Iran says 'slow' progress in nuclear deal talks
Iran’s Foreign Minister Mohammad Javad Zarif says the nuclear negotiations with six world powers are moving forward slowly.
“To achieve a different future and to prepare the necessary ground for turning the mistrust of the past decade into mutual trust, it is necessary for Iran and the P5+1 (permanent members of the UN Security Council plus Germany) to implement what has been agreed upon by the foreign ministers seriously, carefully and with goodwill,” Zarif said at a joint press conference with his Italian counterpart Emma Bonino in Tehran on Sunday.
He noted that Tehran’s expert-level nuclear talks with the representatives of the six countries are not easy, adding, “Agreement must be reached on details and minutiae in these [expert-level] talks. The process is moving forward slowly but based on the principles that I said.”

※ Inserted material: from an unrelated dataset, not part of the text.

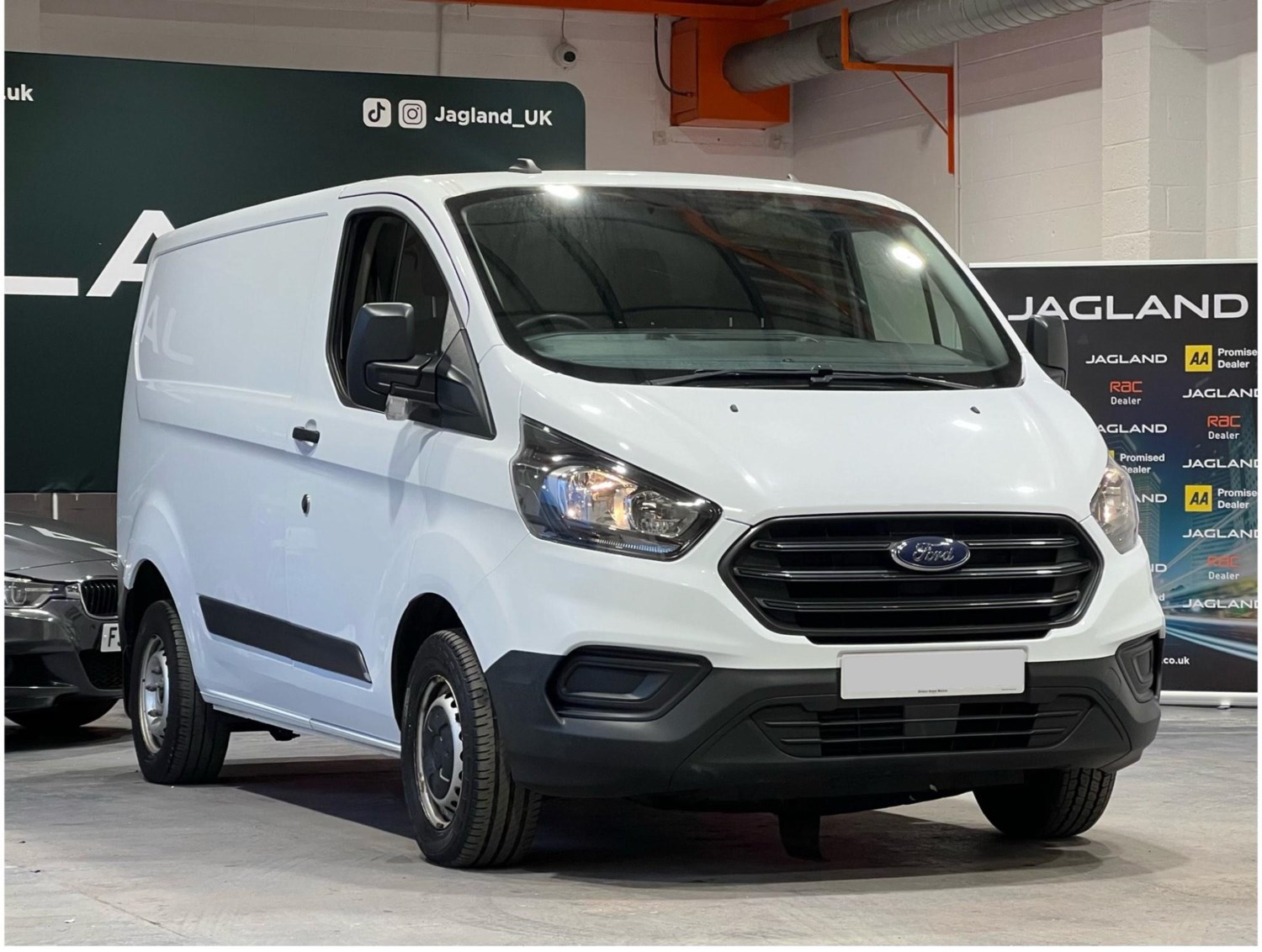 Ford Transit Custom Listing Image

Iran and the six countries wrapped up the third day of their latest round of expert-level talks on Saturday. The talks are aimed at working out the details for the implementation of the landmark nuclear deal they struck in Geneva last month.

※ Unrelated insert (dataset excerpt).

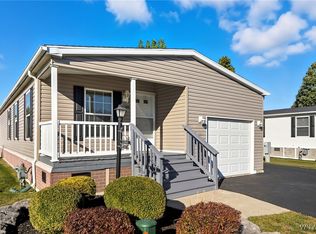 9808 Tottenham Ave, Clarence, NY 14031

On November 24, Iran and the six countries inked an interim deal in the Swiss city to set the stage for the full resolution of the dispute over Iran’s nuclear energy program.
As part of the Geneva deal, it was agreed that in exchange for limiting certain aspects of its nuclear activities, Iran would be provided with a certain amount of sanctions relief and that no more nuclear-related sanctions would be imposed on the country for six months.
Zarif described the nuclear deal as “a very important development, which should be viewed within the wide framework of the future of Iran-Europe ties.”
The Iranian foreign minister also noted that he will hold a telephone conversation with EU High Representative for Foreign Affairs and Security Policy Catherine Ashton, who represents the six countries, on Sunday afternoon.
On December 12, Iran and the six world powers wrapped up four days of intense expert-level negotiations at the headquarters of the International Atomic Energy Agency (IAEA) in the Austrian capital, Vienna.